Matrices big and small

One my goals this week was to finally construct the hundred-by-hundred transition matrix for the full game of Chutes and Ladders, but since I wanted to be sure that I was doing it correctly (specifically that my “Markov treatment” of the chutes and ladders was correct), I started out with a simpler version of Chutes and Ladders, pictured below.

Taking the leftmost square to be the start and the rightmost square to be the end, the arrow represents a chute.

Here is the transition matrix that was obtained:

The entry of interest here is the number in the bottom-left corner, which represents the probability of getting from the first square to the last square in n moves, where n is the power that the transition matrix is raised to. I was able to trim down the program I wrote last week to instead model this simplified game, and I verified that the transition matrix was valid.

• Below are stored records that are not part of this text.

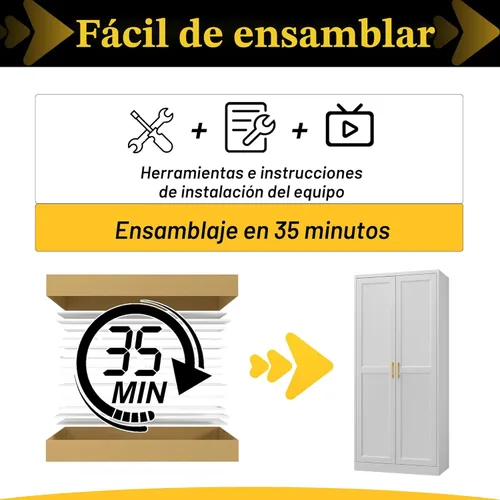 Miniatura 7 de SteeLoong - Gabinete de despensa de cocina, gabinete de almacenamiento de metal blanco de 71" con puertas y 4 estantes ajustables, gabinete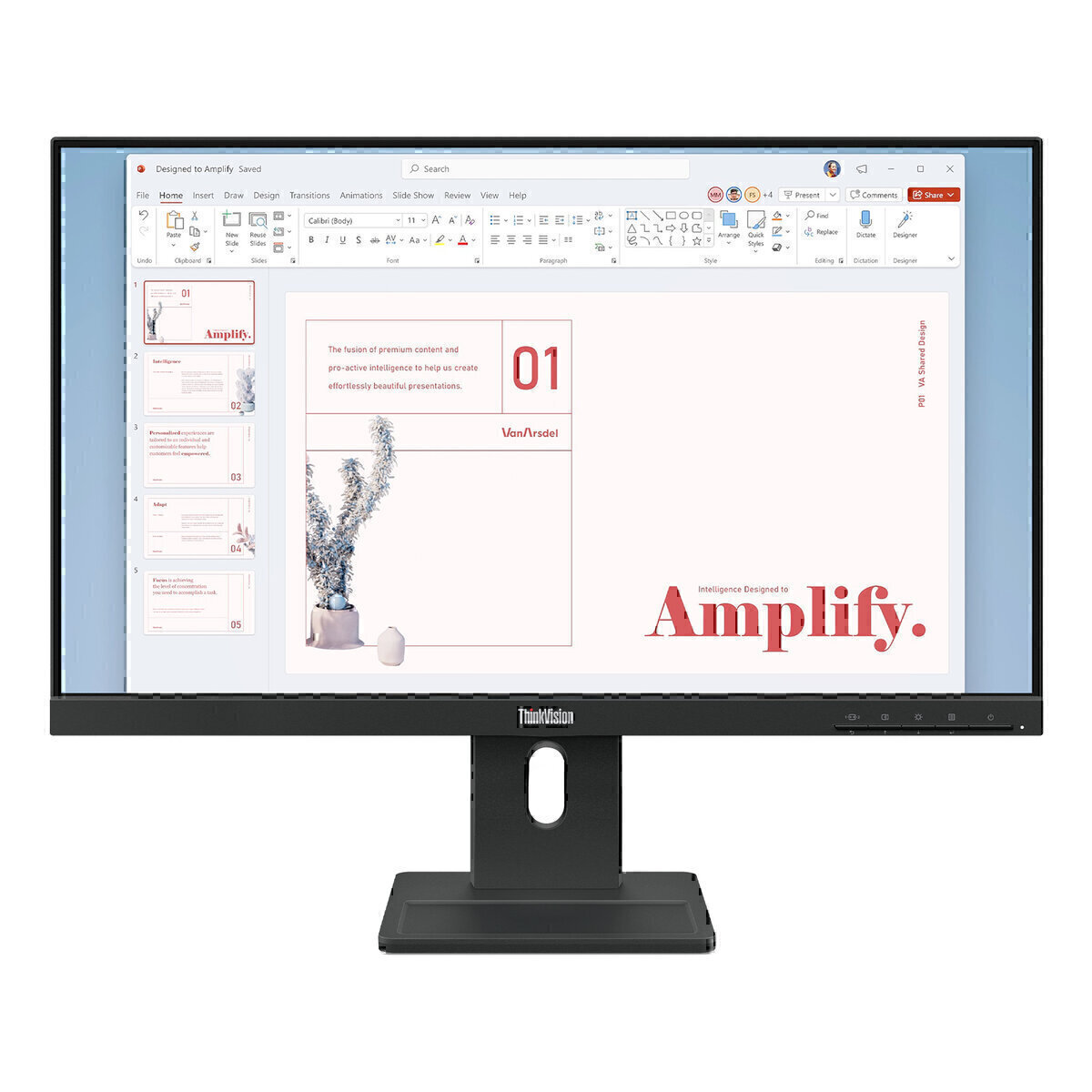 Monitor Altavoces Lenovo Thinkvision E24-40 23.8" 1920X1080 6Ms 100Hz Hdmi Ips 64Bamar1La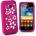 Samsung Galaxy Ace 2 I8160 Flora Силиконов Калъф Розов + Протект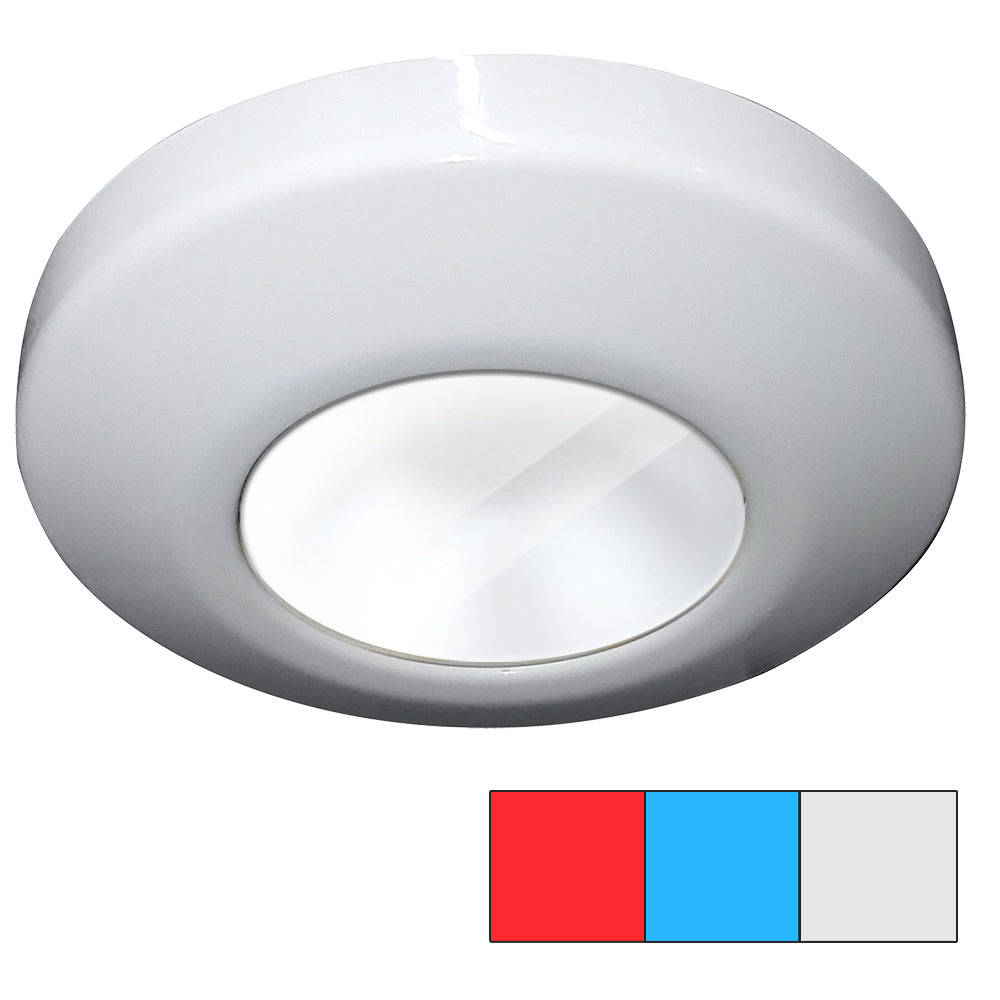 i2Systems Profile P1120 Tri-Light Surface Light - Red, Cool White and Blue - White Finish | SendIt Sailing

One of the important things I got out of this is that the transition matrix should reflect the probability of landing on a square at the end of a move, not at the end of a roll. As you can see, the fifth row down is filled with 0s, which is expected since it is impossible to be on the top of a ladder at the end of a move. While the fifth column is also filled with 0s, these can be replaced with any other numbers and the other entries won’t be affected as we raise the matrix to various powers since, after all, it’s impossible to be on the fifth square at the beginning of a move in the first place. In fact, we can cut out the fifth row and fifth column entirely without altering the other entries as the matrix is raised to different powers.

Another thing to point out is that the very last column consists of only one non-zero entry, and that entry is a 1. This is the indication that that state is an absorbing state.

Since the transition matrix for the full Chutes and Ladders game is a hundred-by-hundred matrix, I figured it wouldn’t be practical to input it into a calculator, so I instead wrote a program that raises an inputted square matrix to various powers (not that this helps a whole lot, sheesh that thing is big). Unfortunately I found that this program works only for a select number of cases, so I’m in the process of hammering out some bugs and will update this as soon as that is fixed.